From a pedestrian perspective, one could flippantly assert that queer representation in Nigerian cinema is undergoing a progressive turn of sorts. The grim reality, however, is that Nigerian filmmakers are yet to even scratch the surface.

The few queer films that have trickled out from studios over the years have either been independently produced, co-produced with civil rights groups, or sponsored by international brands. Hell or High Water and We Don’t Live Here Anymore were sponsored by TIERS, and All the Colours of the World got picked by Coccinelle Sales before its Berlinale Premiere. The fact that Nollywood’s major film distribution companies would not touch these films with an eight-foot pole, either directly or via their subsidiaries, makes for interesting observation.

Away from studio backing, it’s also important to interrogate the issue of representation on an individual scale. Do queer Nigerians see themselves in these movies? Can they connect with the characters they see on the big screens (whenever these films are lucky to get a premiere) or on their laptops? In an interview with Nigerian media publication Open Country Magazine, Wapah Ezeigwe, director of the short romantic drama Country Love, which was selected at the 2022 Out On Film: Atlanta’s LGBTQ Film Festival, revealed that in making their film, some of the actors that they approached suggested rewrites of the intimate scenes. There’s also the matter of how many queer actors are even out there, but in a country where any sort of unconventional expression leads to raised eyebrows, coming out would be akin to dancing in a furnace. This is, of course, not to suggest that heterosexuals cannot play gay characters, but minorities need to feel like they have a voice too.
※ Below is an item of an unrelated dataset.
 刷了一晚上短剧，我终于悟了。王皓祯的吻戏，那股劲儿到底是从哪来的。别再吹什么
All the Colours of the World tries to break away from stereotypes surrounding queer characters in Nigerian cinema, in that it emphasises on the tenderness that defines the relationship between the two main characters. It has a pulse and its plot has a strong core. But the film still falls short on certain counts. It still paints homosexuality as an ‘unnatural feeling’ that has to be battled with. It could be argued that given the uber-religious nature of Nigeria, it’s not out of place for queer people to feel like they have a ‘demon’ that they need to be delivered from, but should we still be running with tropes like this? Did Bawa have to weaponise the country’s homophobia to get back at Bambino because he felt scorned?
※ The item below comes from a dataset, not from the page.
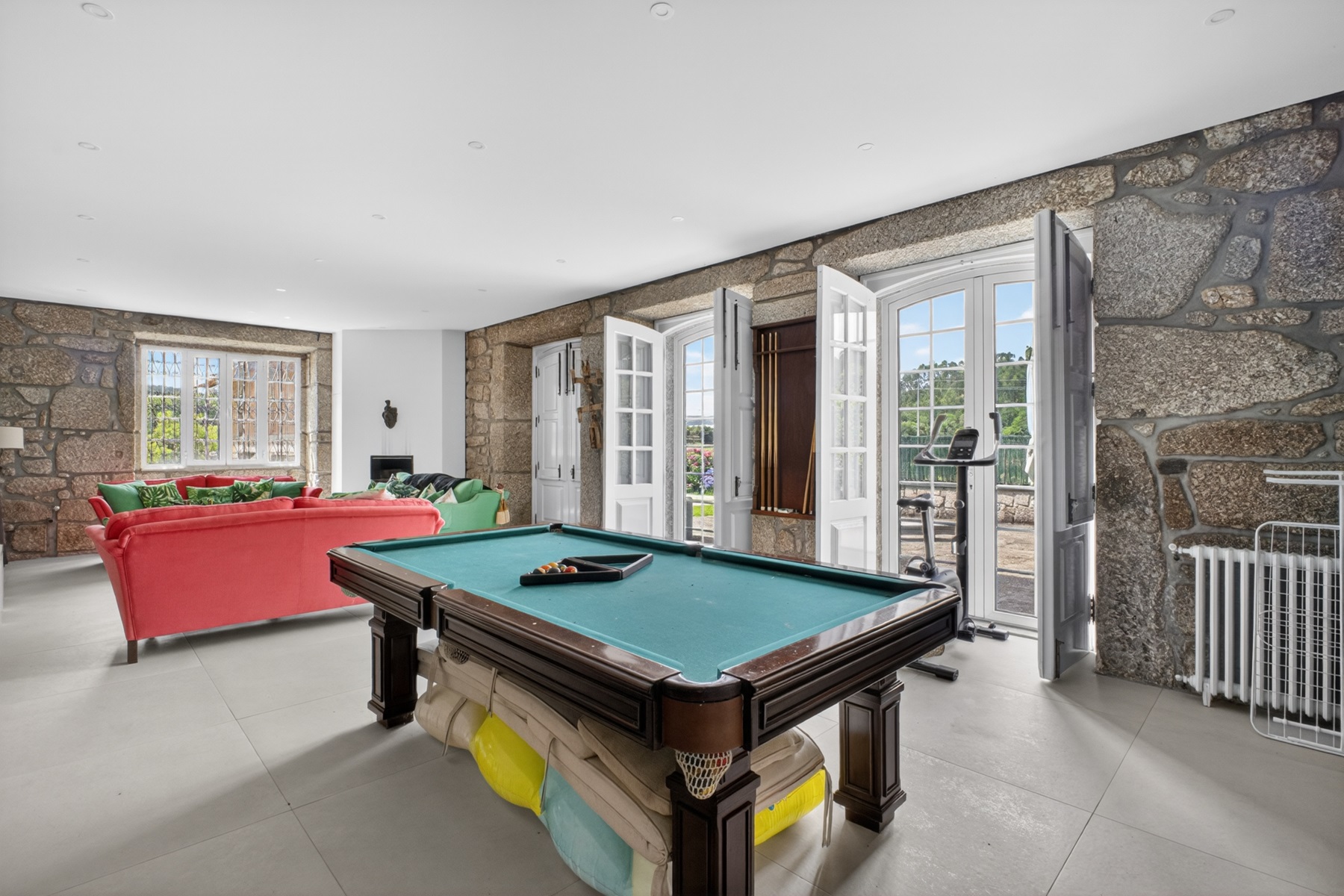  Farm, 9 bedrooms, for Sale - 物件實景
Also, the movie almost falls into the trap of centring the platonic relationship between Bambino and Ifeyinwa (Orhiere), a female neighbour who has a crush on him. There is just as much (if not more) tension and chemistry, when compared to what obtains between both male characters. Again, why does a woman always have to exist in the dynamic as some sort of emotional foil? It’s true that there are closeted gay men in Nigeria who get into heterosexual marriages as a smokescreen, but a little shift from the norm wouldn’t hurt.

In the middle of a conversation a few months ago, a well-travelled acquaintance described Netflix’s attempts at queer inclusion as “the West’s attempts to shove gayness down our throats”. Raising questions as to the target audience of queer Nigerian films may be harsh and tone-deaf, but you just sense that a hostile reception awaits any major Nigerian studio that chooses to pick up one of these films.

I want to walk into a cinema in Lagos with the knowledge that a queer local film can be screened, even if I have to admit that right now, that’s a lot to ask. But maybe I am being nitpicky. Maybe seeing queer characters gain some screen time is good enough for now, despite the real-life orientation of who’s playing them. Maybe queer films should be made not just for queer Nigerians but for everyone, so they can see that these stories exist and that their realities are valid too.